I've recently been using pandas for data analysis, and I'm trying to be properly pythonic about things. The following code works just fine to find all of the unique values in certain subset of columns:
import pandas as pd
dataframe = pd.read_csv("sourcefile.csv", na_values=[" ",""])
col_names = list(dataframe)
my_cols = [name for name in col_names if "STRING" in name]
unique_urls = set()
for col in my_cols:
for url in list(dataframe[col]):
unique_urls.add(url)
But I feel like there is a better way to do the last two nested for
loops. Any advice appreciated!
EDIT: I may have found a better way based on some answers here: Find unique values in a Pandas dataframe, irrespective of row or column location
The following code works:
import pandas as pd
dataframe = pd.read_csv("sourcefile.csv", na_values=[" ",""])
col_names = list(dataframe)
my_cols = [name for name in col_names if "STRING" in name]

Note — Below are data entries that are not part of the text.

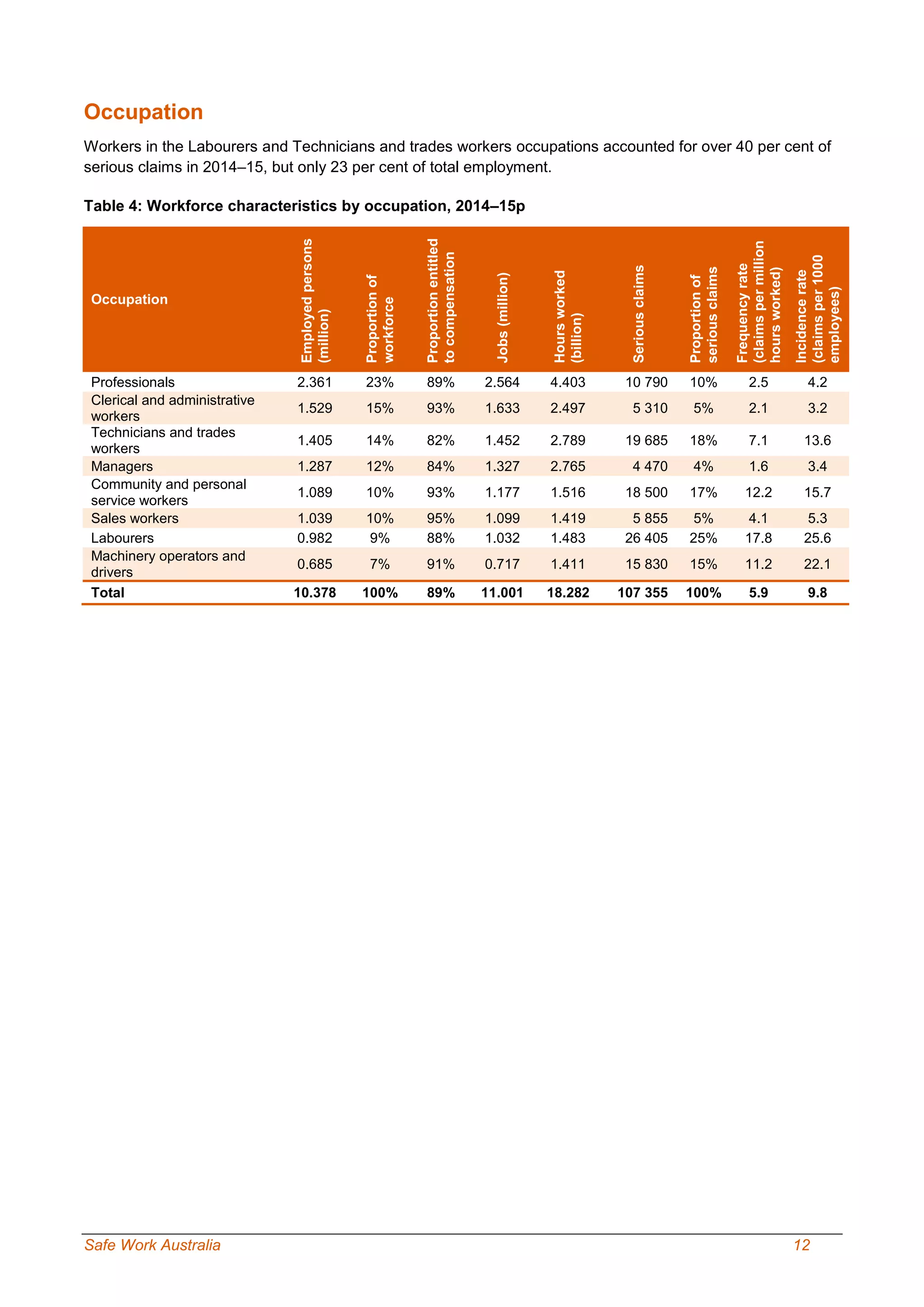 Safe Work Australia 12
Occupation
Workers in the Labourers and Technicians and trades workers occupations accounted for over 40 per cent of
serious claims in 2014–15, but only 23 per cent of total employment.
Table 4: Workforce characteristics by occupation, 2014–15p
Occupation
Employedpersons
(million)
Proportionof
workforce
Proportionentitled
tocompensation
Jobs(million)
Hoursworked
(billion)
Seriousclaims
Proportionof
seriousclaims
Frequencyrate
(claimspermillion
hoursworked)
Incidencerate
(claimsper1000
employees)
Professionals 2.361 23% 89% 2.564 4.403 10 790 10% 2.5 4.2
Clerical and administrative
workers
1.529 15% 93% 1.633 2.497 5 310 5% 2.1 3.2
Technicians and trades
workers
1.405 14% 82% 1.452 2.789 19 685 18% 7.1 13.6
Managers 1.287 12% 84% 1.327 2.765 4 470 4% 1.6 3.4
Community and personal
service workers
1.089 10% 93% 1.177 1.516 18 500 17% 12.2 15.7
Sales workers 1.039 10% 95% 1.099 1.419 5 855 5% 4.1 5.3
Labourers 0.982 9% 88% 1.032 1.483 26 405 25% 17.8 25.6
Machinery operators and
drivers
0.685 7% 91% 0.717 1.411 15 830 15% 11.2 22.1
Total 10.378 100% 89% 11.001 18.282 107 355 100% 5.9 9.8
 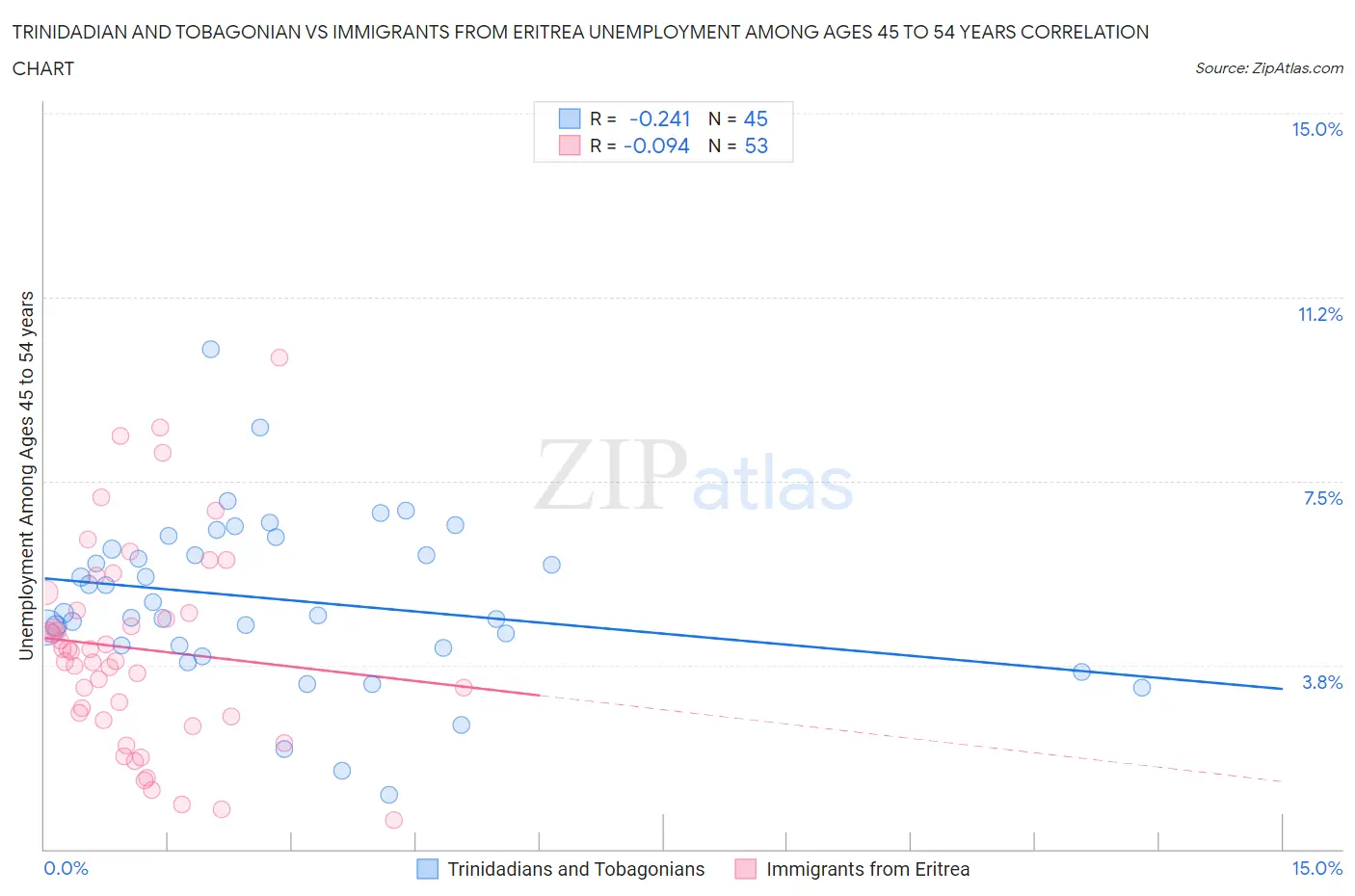 Trinidadian and Tobagonian vs Immigrants from Eritrea Unemployment Among Ages 45 to 54 years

unique_urls = pd.unique(dataframe[my_cols].values.ravel())
I did a time test:
In [8]: def unique_items_1():
unique_urls = set()
for col in my_cols:
for item in list(dataframe[col]):
unique_items.add(item)
In [9]: %timeit unique_items_1()
1000 loops, best of 3: 436 µs per loop
In [10]: %timeit unique_items_2 = pd.unique(dataframe[my_cols].values.ravel())
1000 loops, best of 3: 462 µs per loop
And since both take approximately the same amount of time, with the set()
way being slightly faster, I'm still curious as to what the experts think is the best way. Thanks!